今日ご紹介するのは裏も表もともに美しい宝石面を持つ“リバーシブル”なブラックオパールです。
人間社会ですと“表と裏の顔を持つ”なんて聞くと、あんまり近寄りたくない、信用できない人と思われてしまいますが、オパールで、特にブラックオパールの場合ではちょっと違ってきます。
ご存知のとおり、一般的なブラックオパールの裏面は黒い母岩が付いていて、遊色は表現されません。極々まれにこのオパールのように、両面に遊色が出る珍しいものが採れることがあります。とくに写真のような両面の表情がまったく違うものは本当に少なく、宝石としても、コレクターズアイテムとしてもとても珍重されます。

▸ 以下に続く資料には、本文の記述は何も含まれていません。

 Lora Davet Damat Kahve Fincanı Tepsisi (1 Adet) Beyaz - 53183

偏屈なある日本の鑑別機関は、『裏に黒い母岩が付いていないから、これはブラックオパールではない』なんて意見されることもありますが、地色の濃さ、色合いの深み、そして遊色の素晴らしさは『これがブラックオパールでなければどれがブラック?』と大反論。
宝飾品としてデザインする際には、ちょっと工夫が必要です。せっかく両面に素晴らしい色があるんですから、普通どおり指輪にしたりしてしまうと、それこそ“宝の持ち腐れ”。
石の外縁を上手にベゼルセッティングして、ペンダントヘッド自体が回転してやるように細工をしてあげる等々、デザイナーと職人の腕の見せ所です。

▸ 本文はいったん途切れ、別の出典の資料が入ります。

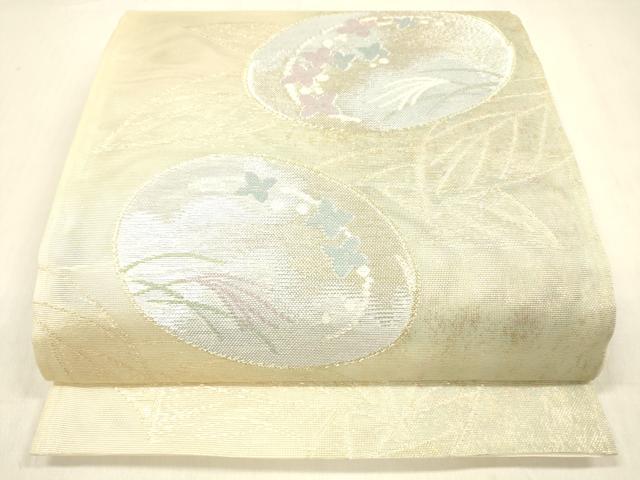 平和屋着物＊夏物　六通柄袋帯　草花文　金銀糸　引箔　正絹　逸品　DABB3459cm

このブラックオパールは、石座が回転して、両面が楽しめるようなリングに生まれ変わり、今でもお求めいただいた方の目を楽しませていることでしょう。
今、手元にこのようなリバーシブルなオパールが無いので、次の出会いを待ち焦がれている毎日です。
今日のゴールドコーストは雨模様です。昨晩から珍しく降り続いている雨も、おそらく午後にはやむのではないでしょうか。